Luthfi diduga ikut menerima suap dari PT Indoguna yang berhubungan dengan kebijakan impor sapi. Kasus ini bermula dari operasi tangkap tangan yang dilakukan KPK dan akhirnya bermuara pada Luthfi sebagai salah satu tersangka. Posisi Luthfi sebagai ketua atau Presiden PKS sekaligus sebagai anggota DPR bukanlah posisi yang secara langsung berhubungan dengan kebijakan impor sapi. Namun suap yang diduga diterima tersebut adalah bagian dari komitmen atas lahirnya sebuah kebijakan, baik secara langsung atau tidak langsung.
Dalam kasus kedua, hal serupa juga terjadi. Anas diduga menerima hadiah atau janji yang berkaitan dengan pembangunan proyek Hambalang dan proyek lainnya. Jika dikaitkan dengan posisi Anas sebelumnya sebagai anggota DPR, tentu posisinya bukanlah yang secara langsung berhubungan dengan pengadaan proyek tertentu. Apalagi mekanisme pengadaan tidak melibatkan anggota DPR dan justru berada di bawah kewenangan eksekutif (presiden).

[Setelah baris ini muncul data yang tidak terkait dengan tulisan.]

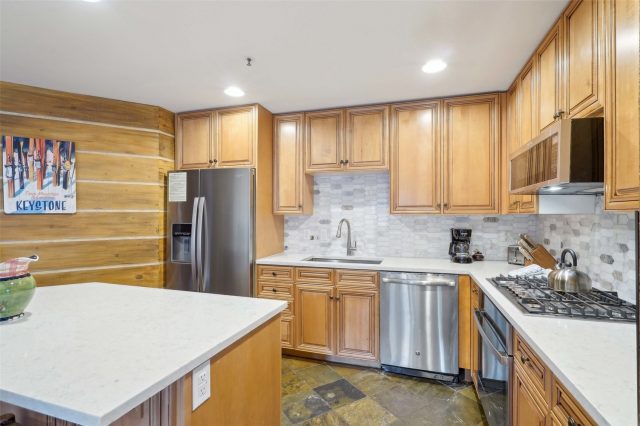 224 Trailhead Drive 3075 photo 10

Sebelum penetapan Anas menjadi tersangka dalam kasus proyek Hambalang, bekas Menpora Andi Alifian Mallarangeng (AAM) sudah lebih dulu ditetapkan sebagai tersangka. Bagi penegak hukum, sangat mudah untuk mengaitkan posisi AAM sebagai pengguna anggaran (PA) di Kemenpora. Sebagaimana dipahami bersama bahwa kedudukan PA dalam alur proses pengadaan memang menjadi penanggung jawab utama atas pengadaan.
Di balik ini semua, sudah tentu ada pihak yang diuntungkan baik secara langsung maupun tidak. Luthfi, Anas, dan AAM tentu bukanlah aktor tunggal yang menikmati keuntungan dari kasus ini. Penerimaan uang atau hadiah/janji hanyalah bagian kecil yang tampak di permukaan. Penerima keuntungan yang paling besar memang harus dikejar untuk menemukan hulunya. Kepentingan bisnis yang bermain di balik lahirnya kebijakan koruptif sudah semestinya dibongkar.
Setidaknya ada dua hal yang bisa dilakukan untuk membongkar relasi busuk politik-bisnis, yaitu, pertama, melacak aliran penerima uang atau keuntungan dari kasus ini. Akumulasi keuntungan adalah target utama bagi para pelaku korupsi. Maka, siapa pun yang ikut menikmati keuntungan tersebut haruslah dikenai tanggung jawab hukum yang sama.
Kedua, penetapan tersangka seharusnya tidak hanya terpaku pada individu politikus dan pebisnis busuk, tetapi juga pada korporasi sebagai badan hukum. Akumulasi keuntungan dari hasil korupsi kerap "dicuci" melalui kegiatan yang seolah-olah sah. 
Ada kalanya korporasi menjadi alat pengumpul hasil kejahatan (money laundering). Pidana badan yang dijatuhkan kepada individu hanya berlaku sementara, sedangkan korporasi masih tetap berjalan dan semakin mengakumulasi keuntungan. Padahal korporasi yang dijalankan atas keuntungan dari hasil kejahatan adalah bagian dari tindak pidana.
Relasi politik-bisnis memang berada dalam ruang yang samar-samar. Namun, dalam ruang itu, keduanya saling berkelindan dalam kubangan korupsi yang sistemik. Maka, tugas penegak hukumlah untuk membuatnya terang, agar relasi busuk di antara keduanya tidak semakin membuat bangsa ini terpuruk lebih jauh dalam kubangan korupsi.